### [Try it]
Copy the listing exactly, images excluded.

### [Source records]
* * *

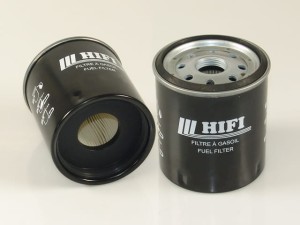 Filtr paliwa SN55031 zam. Ingersoll Rand 54468178, INGERSOLL 16539462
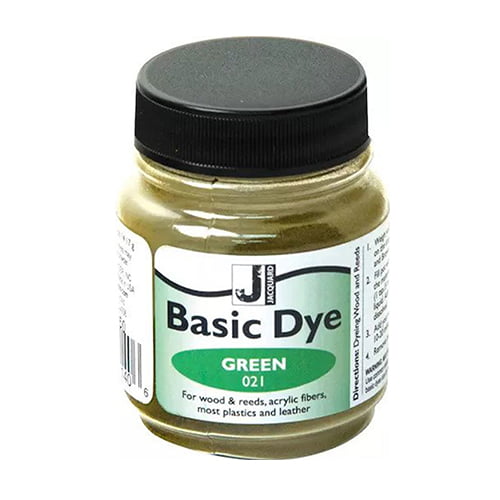 Jacquard BASIC DYE 14g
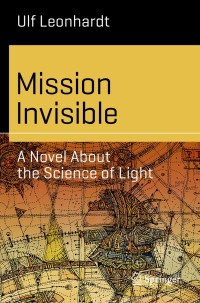 Cover image: Mission Invisible 9783030346331
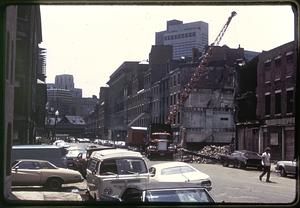 Commercial St demolished 1974 built 18__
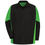 Thumbnail: MEN'S LONG SLEEVE TWO-TONE CREW SHIRT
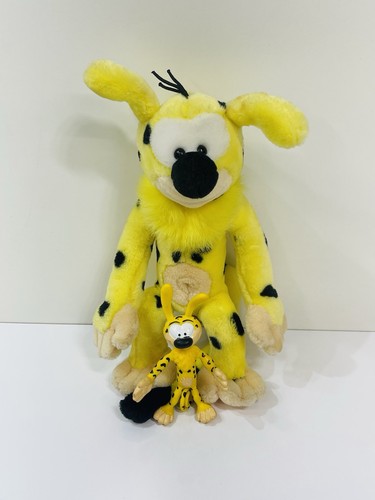 Disney marsupilami plush - 12”,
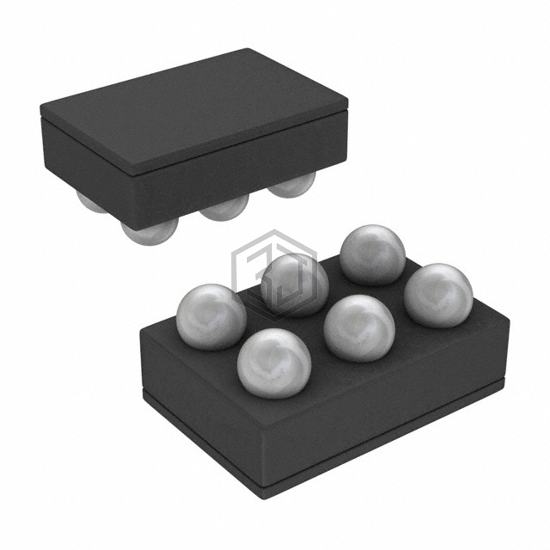 SSM6J771G,LF - Toshiba Semiconductor and Storage - Transistors - FETs, MOSFETs - Single
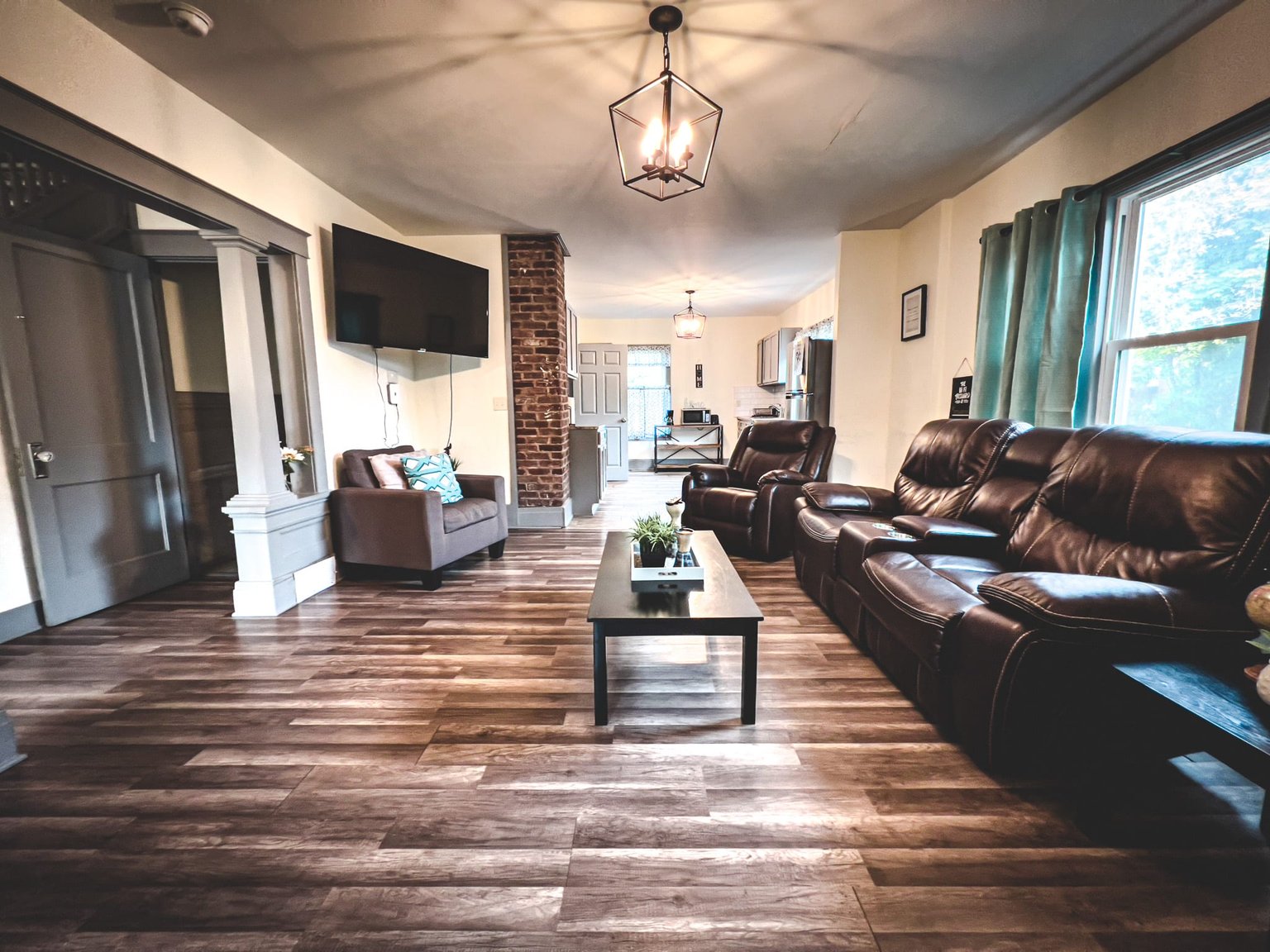 Niagara Falls Vacation Rental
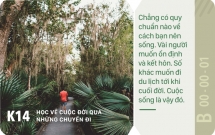 di du lich khong phai chi de tan huong di du lich con la de hoc duoc 40 dieu nay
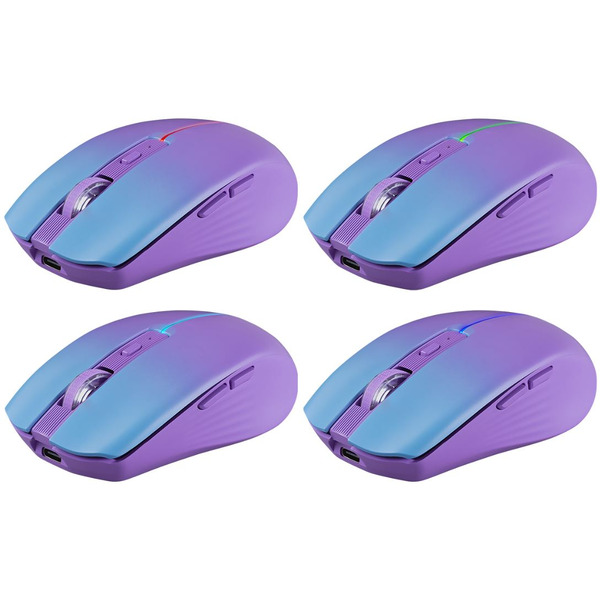 Мышь Defender Mystery MM-301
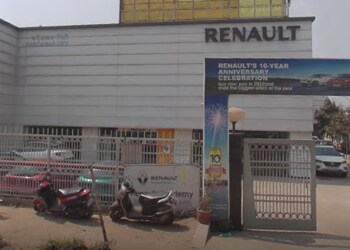 Renault-faridabad-city-Car-dealer-Sector-55-faridabad-Haryana-1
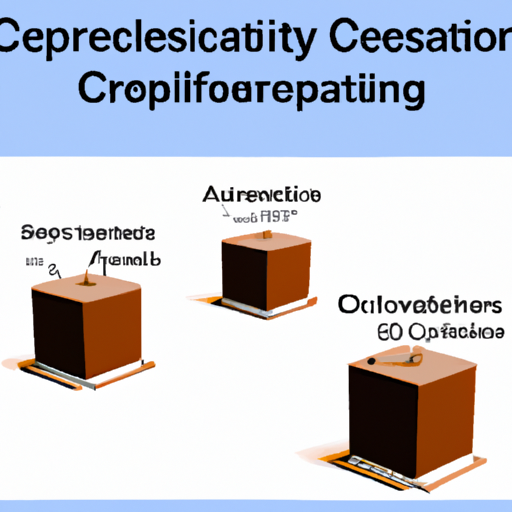 application development in Ceramic Capacitors for CFR-50JB-52-1K3: key technologies and success stories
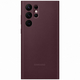 Чохол Samsung Smart Clear View Cover для Samsung Galaxy S22 Ultra SM-S908 Burgundy EF-ZS908CEEGRU
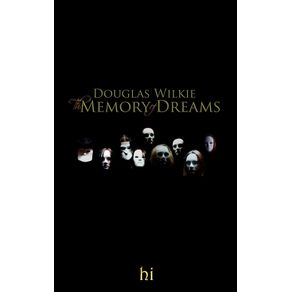 The-Memory-of-Dreams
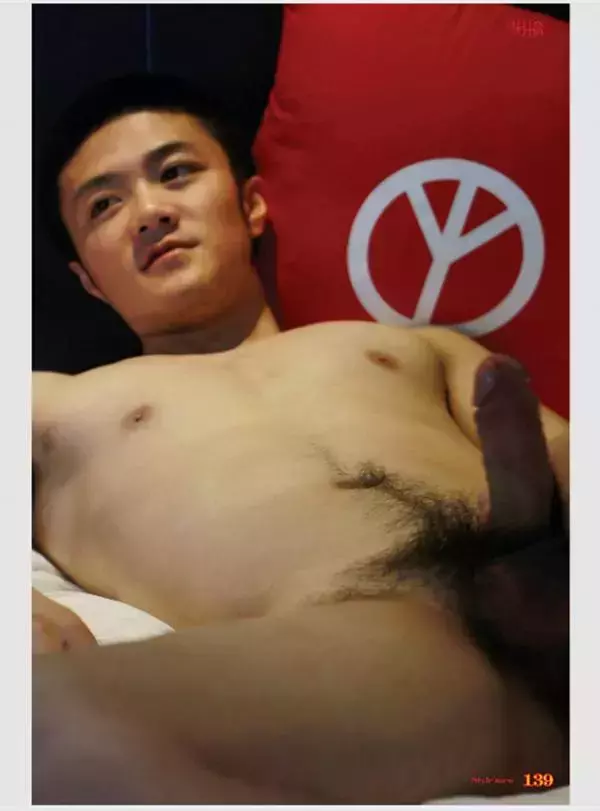 [PHOTO SET] STYLE MEN 56 – SAM -陽光男孩 孝林郎-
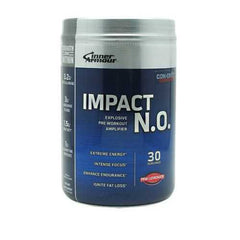 Inner Armour Blue Impact N.O.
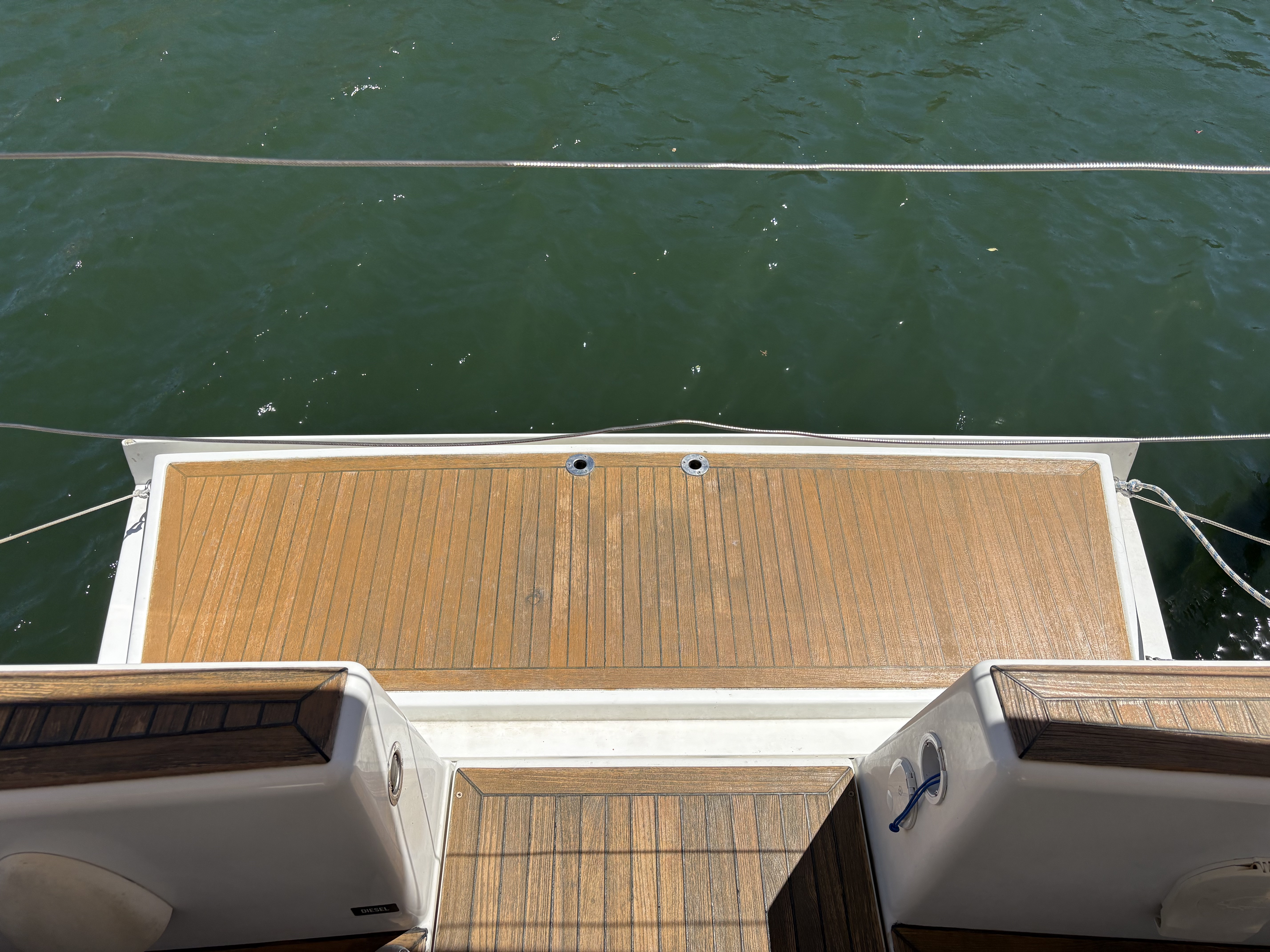 Hanse 345 Kami, Foto 5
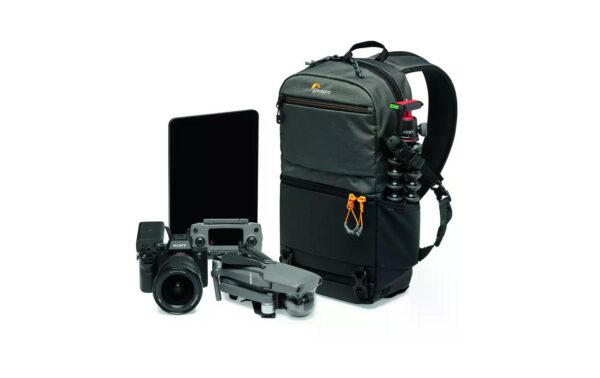 1463840_5 - Mediatech Lowepro Slingshot SL 250 AW III grey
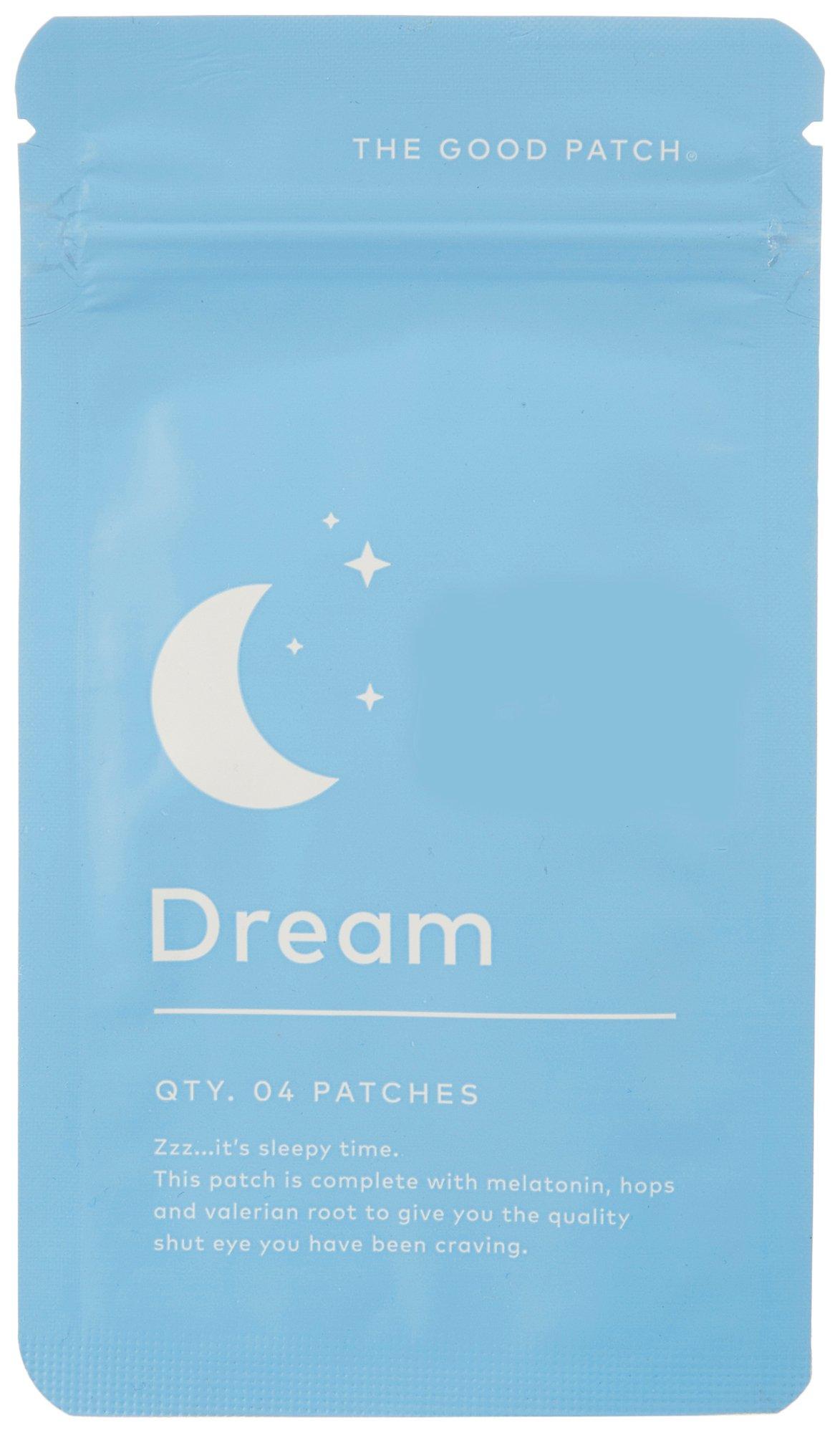 4-Pc. Dream Patch Set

* * *

### [Response to this exercise]
 Filtr paliwa SN55031 zam. Ingersoll Rand 54468178, INGERSOLL 16539462
 Jacquard BASIC DYE 14g
 Cover image: Mission Invisible 9783030346331
 Commercial St demolished 1974 built 18__
 Thumbnail: MEN'S LONG SLEEVE TWO-TONE CREW SHIRT
 Disney marsupilami plush - 12”,
 SSM6J771G,LF - Toshiba Semiconductor and Storage - Transistors - FETs, MOSFETs - Single
 Niagara Falls Vacation Rental
 di du lich khong phai chi de tan huong di du lich con la de hoc duoc 40 dieu nay
 Мышь Defender Mystery MM-301
 Renault-faridabad-city-Car-dealer-Sector-55-faridabad-Haryana-1
 application development in Ceramic Capacitors for CFR-50JB-52-1K3: key technologies and success stories
 Чохол Samsung Smart Clear View Cover для Samsung Galaxy S22 Ultra SM-S908 Burgundy EF-ZS908CEEGRU
 The-Memory-of-Dreams
 [PHOTO SET] STYLE MEN 56 – SAM -陽光男孩 孝林郎-
 Inner Armour Blue Impact N.O.
 Hanse 345 Kami, Foto 5
 1463840_5 - Mediatech Lowepro Slingshot SL 250 AW III grey
 4-Pc. Dream Patch Set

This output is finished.